April 21, 2004

Hi ho! Hi ho!

  • In at 15:00
  • Got a response back on the missing borders. Turns out a:visited doesn't inherit from a:link. So I need to group most of their styles together and only change the text color in a seperate style entry
  • No answer on the NS4 color issue. Bumped the thread and asked for a pointer to page that spells out NS4 color issues
  • Dad requested a customer page color of e0e0e0. I still prefer the blue tinge
  • It appears that Locked Area no longer allows logging in via an html form. They were using the "hidden" username/password in the url method. That's relatively insecure, so most browsers don't allow that, anymore. I might come back to this if we decide we can live with the popup box
  • MojoProtector seems okay. But they never responded to my inquiry sent 8 days ago. Also, I have to admit, it bothers me a little that English is clearly not their first language. That shouldn't affect the quality of the code, but it just feels a little rough around the edges.
  • AdPass looks professional. Sent a question to see if their custom fields can be hidden
  • RegisterMe is also nice looking. Sent the same question
  • PHPAuth on sf.net is just the bare bones, no UI on top of it
  • WebWorkzWare doesn't have custom fields
  • Oops, just noticed the link colors are all screwed up on customer pages.
  • Also, somehow some of the menu buttons got shifted a pixel over and down
  • Turns out the links for everything was using the border and background directives from the menuing styles. Added some "none" directives to turn those off.
  • Wow, this is bizarre. The answer I got back from the AdPass guys:

    - You can very well hide any of the fields from your users.

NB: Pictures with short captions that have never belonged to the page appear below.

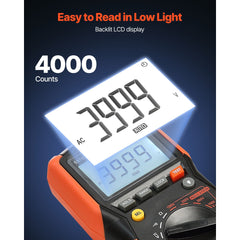 Digital Multimeter, 4000-Count TRMS Voltmeter Ohmmeter, 1000V AC/DC Voltage Tester with Switchable Auto/Manual Range for Voltage, Resistance, and Continuity Measurment
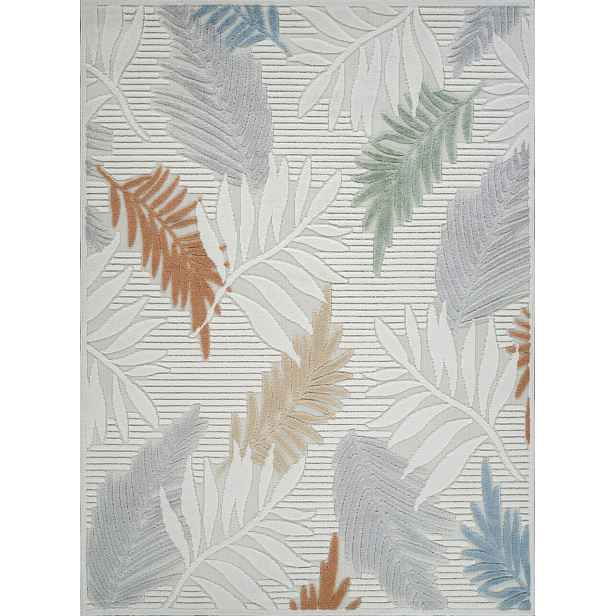 Koberec Boho 80x150 cm do obývacího pokoje, měkký krémový vzor palmových listů s 3D efektem
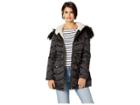 Jessica Simpson Quilted Hooded Jacket W/ Tie Waist (black) Women's Coat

    - Concerning accessing the database from your own scripts we cannot and will not comment on, as it is against copyright laws. Whether you can find a way to do this on your own is your own choice.


    Huh? How does copyright apply at all? First, who owns the copyright? Second, if the data is just sitting in a database, that's all they have to say. That's not a copyright violation. Third, who would release a product like this and then be upset if I cribbed a few lines of code to make the product actually useful on the site it's legally licensed for?


  • Sent a followup message trying to clarify. Because I just don't get it.